Some terrorists are more equal than others.
In Robert Redford’s new film, The Company You Keep, not yet nationally released, a group of former leftist terrorists are apparently portrayed as heroes who were just trying to make their country a better place. Reviewer Rex Reed of the New York Observer says that the film presents “earnest insight into the validity of the noble but misdirected romantic idealism of the ‘70s radicals.” The Hollywood Reporter review similarly fetes 1970s terrorists: the movie, says the Reporter, “provides an absorbing reflection on the courage and cost of dissent.” But as Christian Toto of Big Hollywood writes, “Movie goers may not be so forgiving, what with the fresh images of bloodshed in Boston still on their minds.”
But Hollywood has always been forgiving of leftist terrorists. In the 1988 film Running on Empty, starring Judd Hirsch and River Phoenix and directed by Sidney Lumet, parents Annie and Arthur Pope are on the run for years after bombing a napalm laboratory and accidentally paralyzing a janitor. They are separated from their son, who wants to go to Julliard; they don’t want to let him go. Finally they realize that since they are freedom fighters, they need to let their son follow his dream. “Now,” says Arthur to his son, “go out there and make a difference. Your mother and I tried. Don’t let anyone tell you different.”
The reviewers loved that film, too. Janet Maslin of The New York Times criticized the film mainly because she found the notion of leftist terrorism grown old and gray unacceptable. Hal Hinson of the Washington Post, who didn’t love the film, soft-pedaled 1960s terrorism: “What it touches on is the costs of political commitment, specifically the fervent activism of young college kids in the '60s who, swept up in the revolutionary moment, took actions they pay for for the rest of their lives.”
Hollywood leftists aren’t too averse to Islamic terrorism, either. Whether it’s The Siege, in which tyrannical US government counterterrorism operatives are the bad guys rather than Islamic terrorists, or The Sum of All Fears, where Islamic terrorism is written out entirely in favor of the dastardly scourge of neo-Nazi nuclear terrorism, Hollywood treats Islamic terrorism with a surprising amount of respect. Even in The Kingdom, a searching look at jihadists, in the ending Hollywood attempts to equate Islamic terrorism with American military response.

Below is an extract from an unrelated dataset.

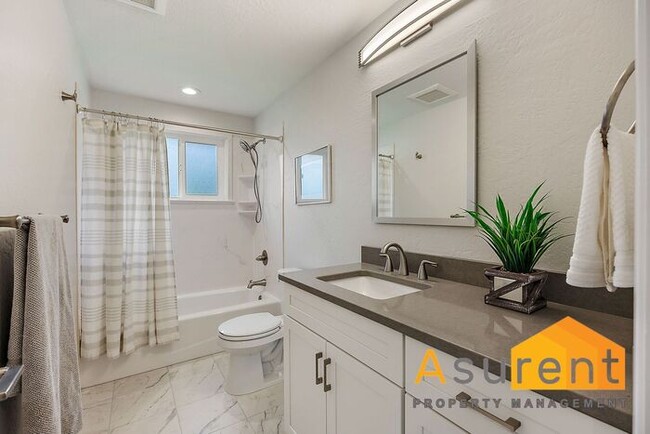 Building Photo - Newly remodeled, single level 3 bed- 2 bat...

Then there’s another sort of terrorism. This is the kind of terrorism leftists actually do hate: non-left-wing domestic anti-government terrorism, which according to the left is a massive threat to America’s very existence. While Islamist violence is rarely a subject for Hollywood, right wing violence is something it takes very seriously. In Arlington Road, Jeff Bridges tracks down anti-government bomber Tim Robbins. Robbins’s character babbles: “I’m a messenger, Michael, I’m a messenger! There’s millions of us, waiting to take up arms, ready to spread the word … millions of us!” Robbins’ character, naturally, is supremely evil. Hollywood has yet to create a movie with a sympathetic anti-government terrorist. That’s a good thing. Sadly, they’re not averse to their left-wing bomber friends, and they spend an awful lot of time justifying Islamic terrorism.

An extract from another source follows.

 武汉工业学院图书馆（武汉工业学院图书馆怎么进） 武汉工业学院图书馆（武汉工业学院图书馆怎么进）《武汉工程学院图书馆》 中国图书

That’s because the left craves what it perceives as right-wing violence. Whenever something evil happens, the left jumps to the conclusion that it was “right-wing extremists” – by which they mean crazy people inspired by Rush Limbaugh. Whether it’s Jared Lee Loughner, who shot Gabby Giffords and was quickly labeled a Sarah Palin follower without evidence, or James Holmes, who shot up an Aurora theater and was labeled a Tea Partier without evidence, or Lee Harvey Oswald, a communist who shot JFK and was quickly and falsely labeled a representative of the anti-JFK conservative movement, the left craves legitimation for its worldview that the right is the source of terrorism in the United States.
Meanwhile, the left sees its own terrorists as fighting for something larger-- or freedom fighters like Bill Ayers and Bernardine Dohrn, who are still held in high regard at the universities. Anti-government kooks, however, are portrayed as results of talk radio and Fox News.
That’s just how Hollywood likes it. So even as we await word on who perpetrated the bombings at the Boston Marathon, Hollywood releases a Redford film upholding the moral worth of folks who bombed government installations in the 1960s and 1970s. After all, they’re groovy. We’re just supposed to be the dunderheads who create Timothy McVeighs on a daily basis.